Back at the flat, Gilly insists on watching our host's Bo Selecta DVD. I'm not a fan of Bo Selecta -- in fact I think it's fairly fucking moronic, with only the occassional funny line -- but with nowhere else to go I watch it. I finally get to turn in at 0530hrs (it's winter so it's not quite daylight outside yet), but only four hours later I'm awoken by Shameful and company returning. Two hours later I'm back on the motorway, and the car journey pushes me dangerously close to ending the weekend by being sick. I somehow manage to save face.
Kevin likes to watch BBC News 24
Getting back from Bristol, I discover that American forces have captured Father Christmas after an eight month search. Bastards :)
Kevin likes to test
I've got to stop following the links on Tempest's page . . .
Later . . .
Kevin likes to review
Didn't get a lot done last night, although I did start writing a review for the workshop (what will probably be my first one in six months or so). I hoping to post something in the near future, so I thought it couldn't hurt to get a few reviews under my belt before then.
Tried watching The River last night. Bloody hell, it's hard work. The first fifteen minutes or so are 'Storm set to music', and it never feels in this opening quarter of an hour that the film's ever going to start. Then Mel Gibson comes on and starts talking, and oh dear god will something happen already?. I gave up after half an hour. I don't need to waste my time that badly.
Kevin likes to party
Going out in Bristol tomorrow night for the first of the Christmas parties, a night which (in my hilarity) I've dubbed Bristmas. My housemates and I have managed to get ourselves invited on a party that those who commute here from Bristol. Should be good, although as far as I'm aware we're still homeless. Never mind, I will trust in Gilly to sort something out.
Later . . .
Kevin likes to shoot people
Saw S.W.A.T. last night. Fairly good, dependable if somewhat formulaic. Farrell and L Jackson play the roles without any real struggle, but manage to give solid performances all the same. There are explosions and witty dialogue aplenty to please most action film fans.
The problem with this film is that it feels as though someone's trying to establish a franchise. The first half of the film is given up pretty much entirely to the formation of the team, which, if it were to be considered properly as a single entity, is too much. A lot of the screen time -- which could be given to more going up against the bad guys -- is wasted on introducing us to the main characters, and how they get into the team, when all we want to see them do is shoot people.
Like I say, it's not a bad film, it's not a particularly good one.
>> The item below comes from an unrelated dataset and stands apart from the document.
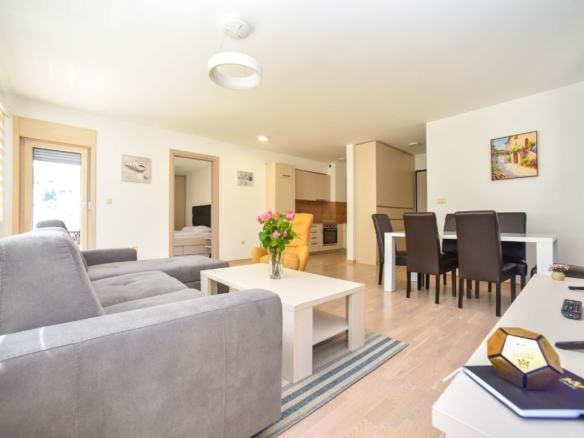 Izdavanje: Dvosoban stan 74 m² – Budva — fotografija 18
I have a feeling that it's going fall into the 'faceless cop movie' section of my memory; I'll be able to remember certain scenes, but I'll be damned if I'll be able to remember what film they came from.
Later . . .
Kevin likes to stand in the road
Out looking at manholes again yesterday. The old adage -- 'once you've looked down one manhole, you've looked down them all' -- is true. Bored and freezing cold; it isn't a great day.
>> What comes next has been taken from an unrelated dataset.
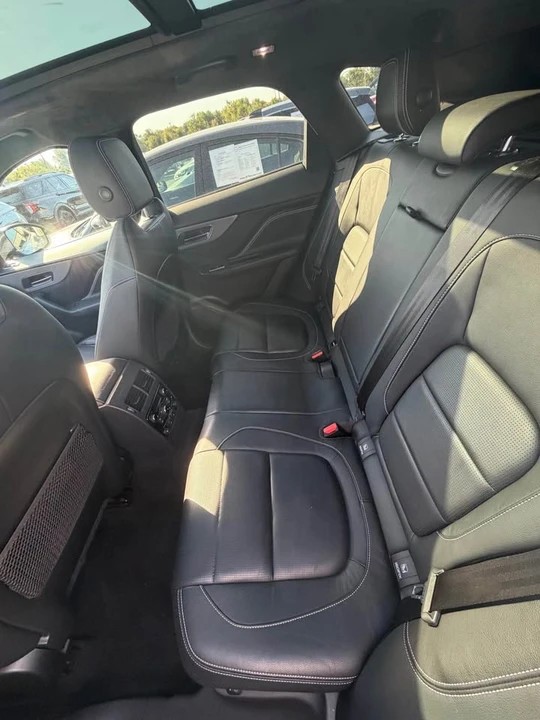 2018 Jaguar F-Pace - Image 6 of 11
Saturday night is good. Shameful and I meet up with one of the girls from work and her gym buddies. Aside from a couple of incidents involving coats --
(Firstly: I rudely object to having my coat thrown on the floor, by a complete stranger,
(Secondly: I slightly lose my temper when I can't find my ticket for the cloak room, ever-so-slightly scaring the woman behind the counter. Shameful begins to talk about Red Kev going out and scaring women. I tell him to shut up.)
-- it is a pretty good night. Lots of money is spent (December is shaping up to be expensive, but then it always is), lots of beer is drunk, and I don't offend anyone I care about.
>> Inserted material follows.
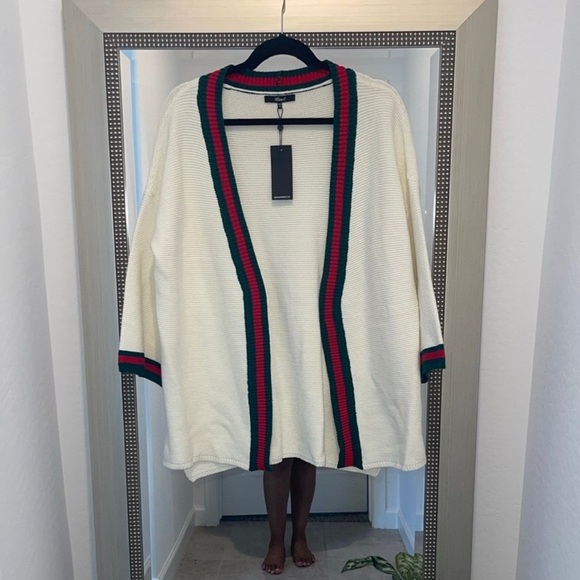 Red and Green Cardigan Thick white jacket size medium - Picture 1 of 6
Kevin likes to be in the light
Tried coming up with an idea for December's Light Challenge at the zoo. As has been the case in recent months, I failed to come up with anything that I could reasonably turn into a story by the end of the month. I have an idea, but it's missing something. Whether it'll get written now remains to be seen.
Meanwhile, the plan is to soldier on with Home.
Later . . .
Kevin likes to carry on working
1264 words last night.
Decided to get back into the habit of working on Home every night, after taking a week off following my success at NaNoWriMo. Whilst there's no longer the urgency of last month, I'd like to be able to write a couple of pages every night. The plan is, if you remember, to get the first draft finished by the end of January.
So my protag, fearing what might happen to him, but following his love interest's advice all the same, has turned himself into the police. So far that's all I've got. The interogation is yet to start, but the dialogue between him and another police officer is turning out well. I don't know how it happened, but I seem to have introduced a nice police character; it's almost as if I'm trying to make the other one (when he deems to turn up) seem even more like he neither believes nor cares about the protag's story. I don't know how well that will work out in the end, seems a bit cliched, although it was inadvertantly so.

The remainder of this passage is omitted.